The timing is not right for the new plan of Market St. | News, Sports, Jobs


Most of us who have ever attempted to make a left turn from a company car park onto busy Market Street know the challenges it can present. It’s difficult, not because you have to cross multiple lanes of traffic, but because of the amount of traffic, especially at different times of the day.

Of course, we understand that not everyone drives their own vehicle, and many residents rely on other modes of transportation like bicycles and public transit to get around town. Still, we don’t think we’ve gotten to the point of major metropolitan areas like Cleveland or Pittsburgh where bikes and, especially, buses pass at frequent and regular intervals.

One day we might reach that point – but it’s not there yet.

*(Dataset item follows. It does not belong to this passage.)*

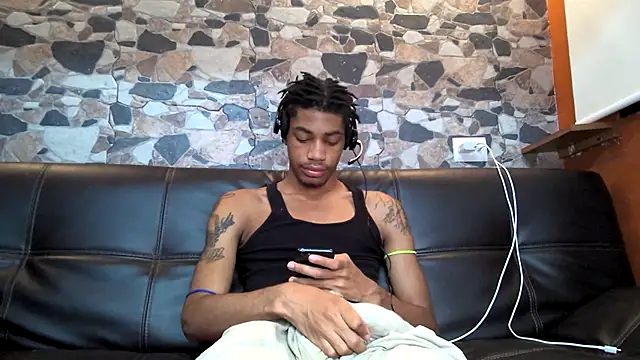 Skinnyblackman online show from April 23, 2026, 4:35 am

That’s why we think the suggestions to eliminate two of the four lanes of traffic on Boardman’s busy Market Street aren’t a good idea at this time.

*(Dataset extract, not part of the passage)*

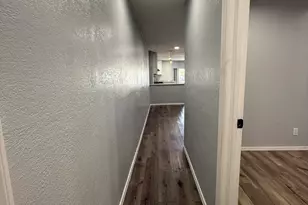 19401 N 7th St, Phoenix, AZ 85024 - Photo 13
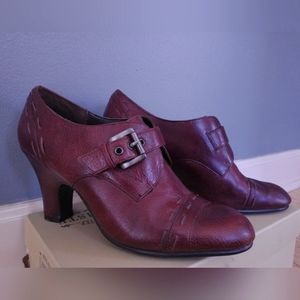 Aerosols size 9 mahogany heels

The idea emerged last month as part of a proposed development and transportation project. According to the plan, Market Street would be reduced from four to two lanes of passenger vehicle traffic through Youngstown and most of Boardman.

WSP, a Cleveland-based engineering firm, is working with the Western Reserve Transit Authority on a transit-oriented development plan, or TOD, altering Market Street just south of the Market Street Bridge in Youngstown, south to at St. Elizabeth Boardman’s Hospital. Part of the proposed plan is to turn the right-hand lane on either side of the market into a bus and bike-only lane, forcing regular traffic into one lane in each direction.

During initial discussions, WSP Project Manager Tim Rosenberger pointed out that Market Street was built and developed in the late 1800s and early 1900s.

That’s right – and it’s also worth pointing out that this was a time when there was even less traffic on the area’s roads.

Some overall improvement ideas floated for Market Street include more frequent buses, zoning changes to make walking, cycling and using buses easier and safer, better sidewalks and crosswalks, and improved lighting .

Another proposal creates a nonstop route between the downtown WRTA station and St. Elizabeth Boardman’s Hospital on McClurg Road, about a mile south of Southern Park Mall. The move would eliminate the transfer to a second bus at the mall to get to the hospital, Rosenberger said.

The section near Market Street and Midlothian Boulevard, which separates Youngstown and Boardman, includes the Newport branch of the Youngstown and Mahoning County Public Library, a convenience store, and several fast food restaurants. Proposed additions and improvements include information kiosks, custom bus shelters and shared lanes for buses and bikes, as well as improvements to sidewalks and crosswalks, Rosenberger said.

TODs have transformed neighborhoods in Cleveland and other regional cities, he said.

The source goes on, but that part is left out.